Work task:
Within the listing that follows, reproduce exactly the lines starting at the line with "Пюпитр бесплатно иконка" and ending at the line with "Lara Croft: Tomb Raider - Badass T-Shirt", inclusive, and only those. Pictures are dropped.

Data for processing:
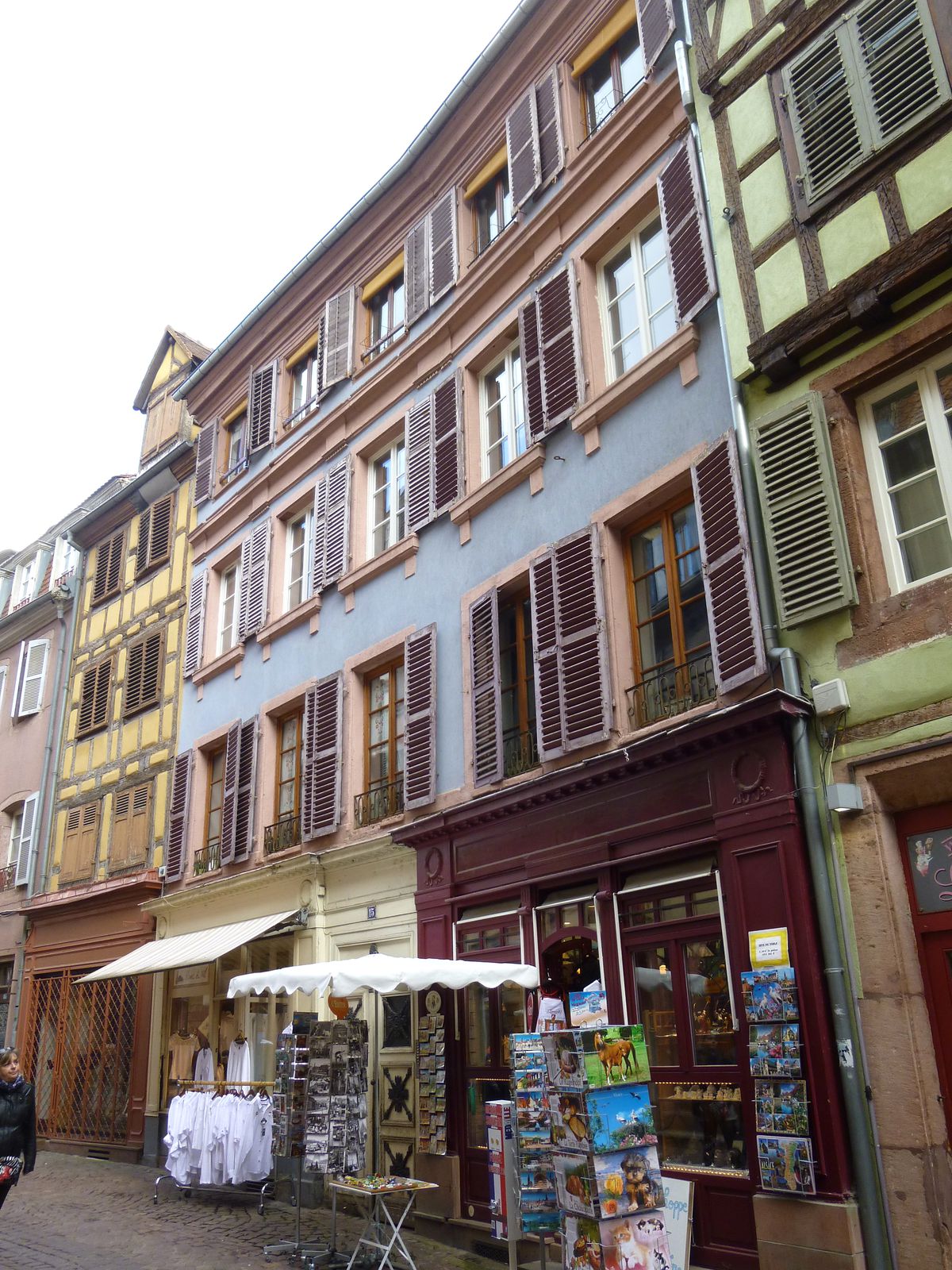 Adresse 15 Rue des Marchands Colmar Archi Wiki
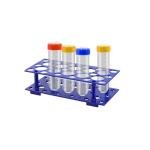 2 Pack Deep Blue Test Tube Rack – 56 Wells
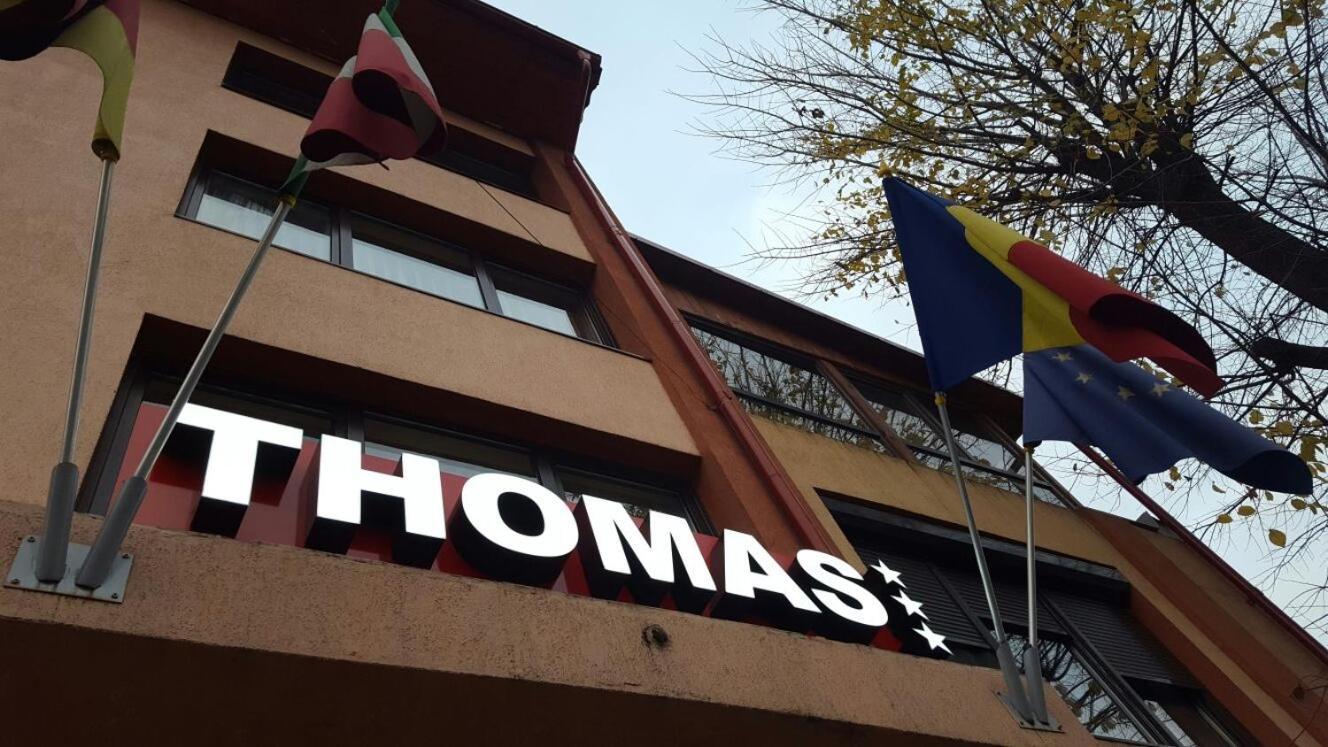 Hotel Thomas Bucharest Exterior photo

* * *

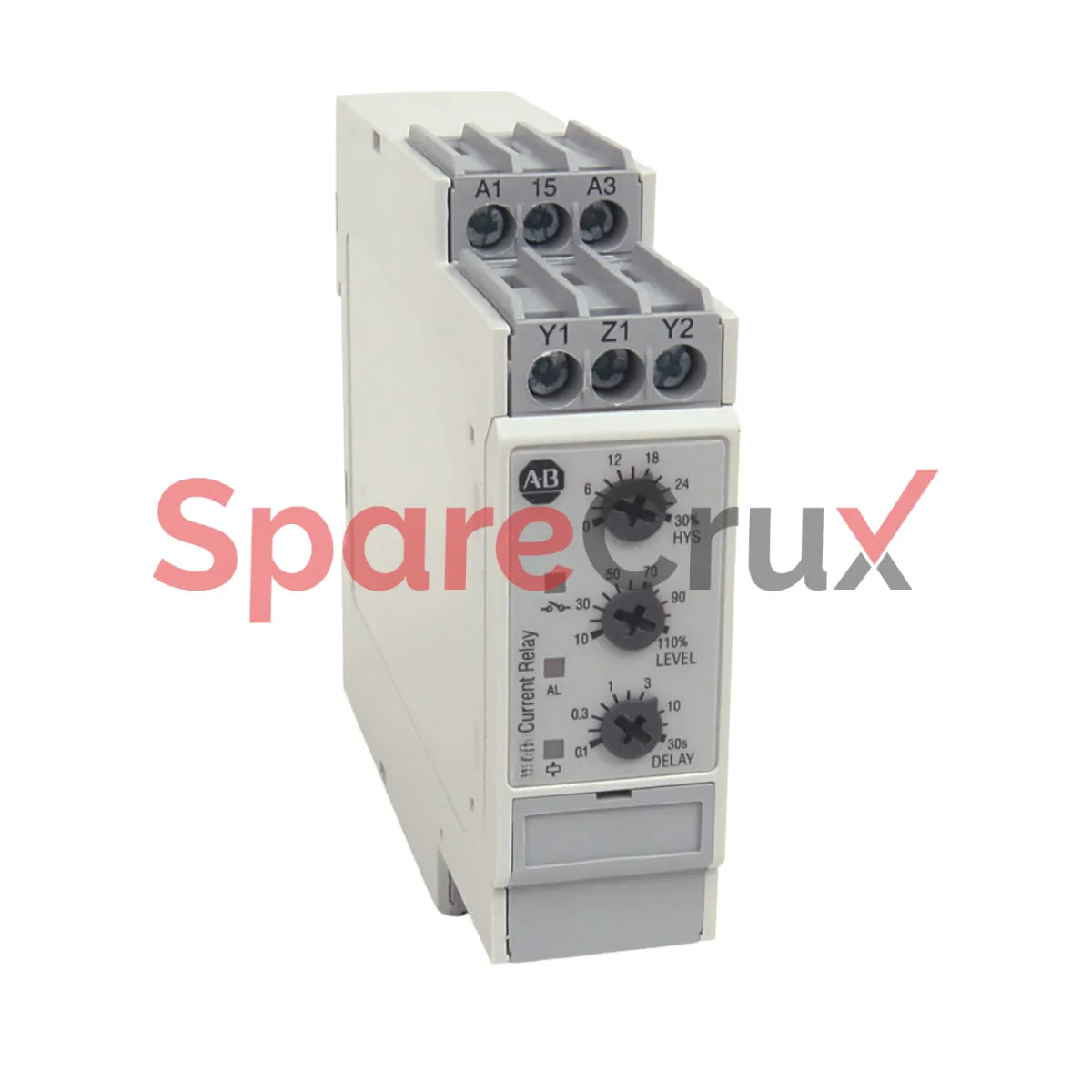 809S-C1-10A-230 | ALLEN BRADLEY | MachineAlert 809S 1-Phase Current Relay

* * *

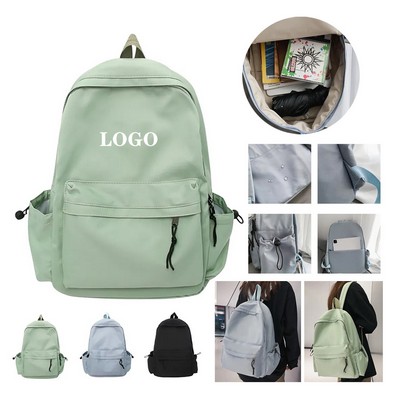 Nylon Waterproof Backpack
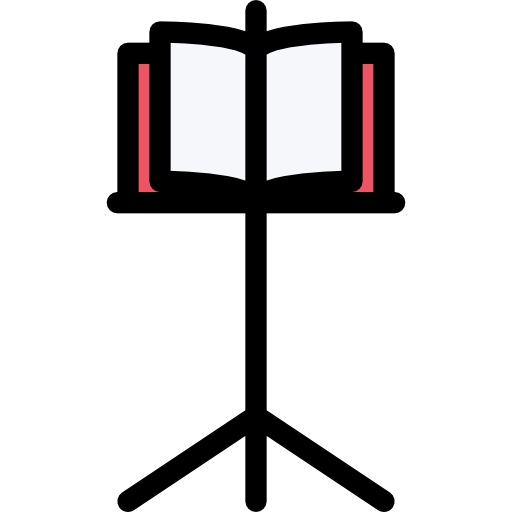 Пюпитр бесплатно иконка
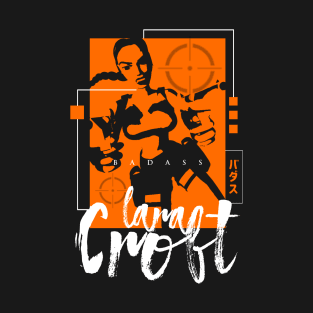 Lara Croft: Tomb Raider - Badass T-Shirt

The completed task:
 Пюпитр бесплатно иконка
 Lara Croft: Tomb Raider - Badass T-Shirt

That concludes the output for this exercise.